===== Input records

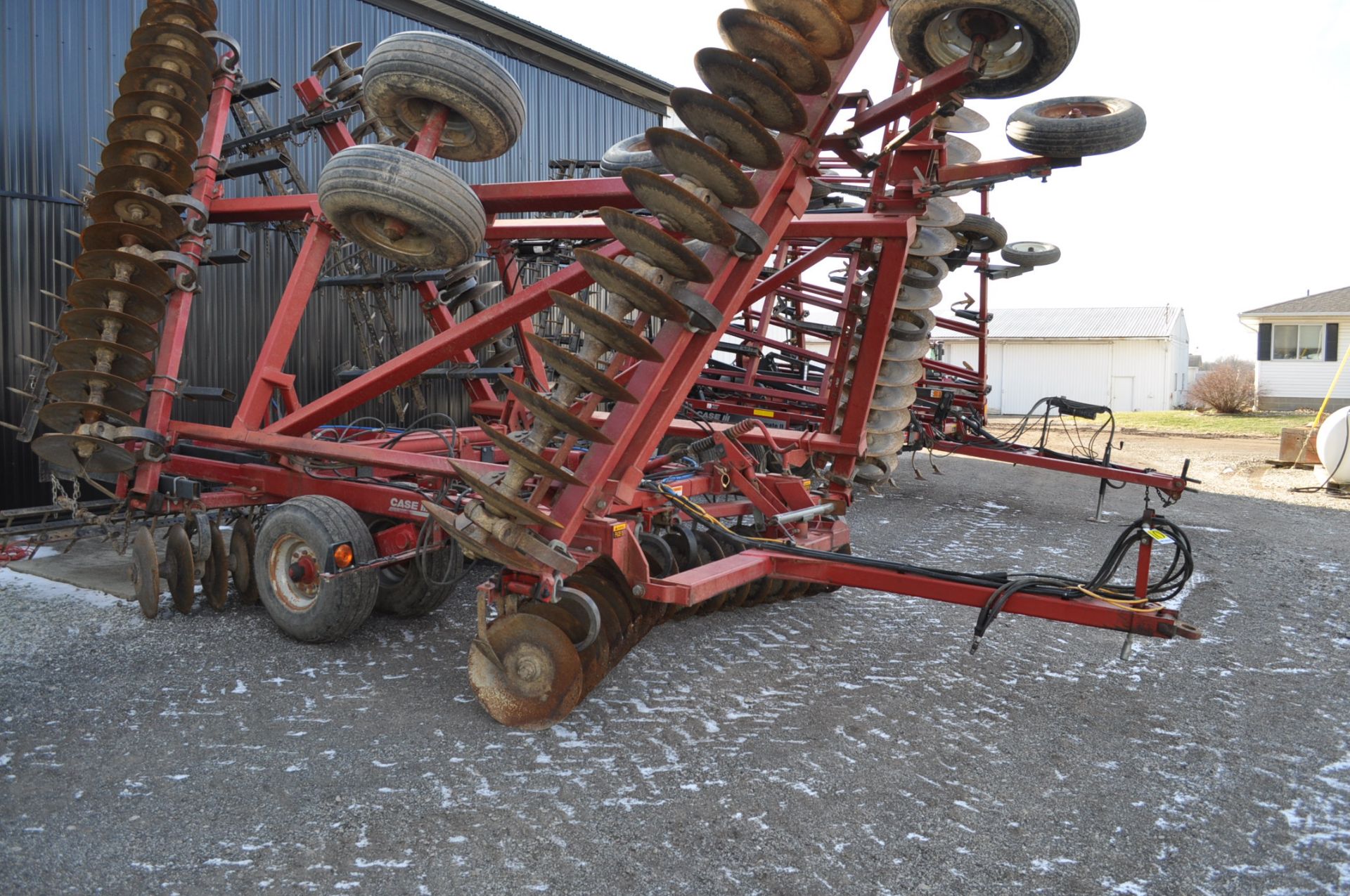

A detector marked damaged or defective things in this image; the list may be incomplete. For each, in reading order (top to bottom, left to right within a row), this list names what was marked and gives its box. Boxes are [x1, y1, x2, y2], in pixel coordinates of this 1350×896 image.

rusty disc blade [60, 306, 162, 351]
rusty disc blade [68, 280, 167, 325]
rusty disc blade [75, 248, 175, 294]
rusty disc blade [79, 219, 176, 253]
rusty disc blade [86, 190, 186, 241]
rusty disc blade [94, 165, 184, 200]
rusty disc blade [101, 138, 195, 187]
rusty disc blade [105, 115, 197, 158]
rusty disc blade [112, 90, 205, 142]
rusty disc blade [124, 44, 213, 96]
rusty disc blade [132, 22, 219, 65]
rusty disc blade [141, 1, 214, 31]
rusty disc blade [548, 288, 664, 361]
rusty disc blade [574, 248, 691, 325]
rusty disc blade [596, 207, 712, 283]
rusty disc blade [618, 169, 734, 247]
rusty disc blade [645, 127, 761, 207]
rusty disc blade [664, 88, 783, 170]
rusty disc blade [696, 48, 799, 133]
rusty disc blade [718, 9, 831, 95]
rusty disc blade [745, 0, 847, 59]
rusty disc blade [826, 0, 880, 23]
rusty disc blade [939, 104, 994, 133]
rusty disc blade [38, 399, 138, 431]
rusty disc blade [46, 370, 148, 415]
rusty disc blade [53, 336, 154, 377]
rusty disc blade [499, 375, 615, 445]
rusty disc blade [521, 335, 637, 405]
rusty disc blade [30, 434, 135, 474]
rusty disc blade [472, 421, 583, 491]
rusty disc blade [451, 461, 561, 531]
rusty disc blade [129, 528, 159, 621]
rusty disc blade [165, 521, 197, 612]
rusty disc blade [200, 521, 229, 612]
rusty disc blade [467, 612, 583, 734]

==========

§ Requirement: A faithful copy of the records above, without images, is what to give back.

§ Expected output:
A detector marked damaged or defective things in this image; the list may be incomplete. For each, in reading order (top to bottom, left to right within a row), this list names what was marked and gives its box. Boxes are [x1, y1, x2, y2], in pixel coordinates of this 1350×896 image.

rusty disc blade [60, 306, 162, 351]
rusty disc blade [68, 280, 167, 325]
rusty disc blade [75, 248, 175, 294]
rusty disc blade [79, 219, 176, 253]
rusty disc blade [86, 190, 186, 241]
rusty disc blade [94, 165, 184, 200]
rusty disc blade [101, 138, 195, 187]
rusty disc blade [105, 115, 197, 158]
rusty disc blade [112, 90, 205, 142]
rusty disc blade [124, 44, 213, 96]
rusty disc blade [132, 22, 219, 65]
rusty disc blade [141, 1, 214, 31]
rusty disc blade [548, 288, 664, 361]
rusty disc blade [574, 248, 691, 325]
rusty disc blade [596, 207, 712, 283]
rusty disc blade [618, 169, 734, 247]
rusty disc blade [645, 127, 761, 207]
rusty disc blade [664, 88, 783, 170]
rusty disc blade [696, 48, 799, 133]
rusty disc blade [718, 9, 831, 95]
rusty disc blade [745, 0, 847, 59]
rusty disc blade [826, 0, 880, 23]
rusty disc blade [939, 104, 994, 133]
rusty disc blade [38, 399, 138, 431]
rusty disc blade [46, 370, 148, 415]
rusty disc blade [53, 336, 154, 377]
rusty disc blade [499, 375, 615, 445]
rusty disc blade [521, 335, 637, 405]
rusty disc blade [30, 434, 135, 474]
rusty disc blade [472, 421, 583, 491]
rusty disc blade [451, 461, 561, 531]
rusty disc blade [129, 528, 159, 621]
rusty disc blade [165, 521, 197, 612]
rusty disc blade [200, 521, 229, 612]
rusty disc blade [467, 612, 583, 734]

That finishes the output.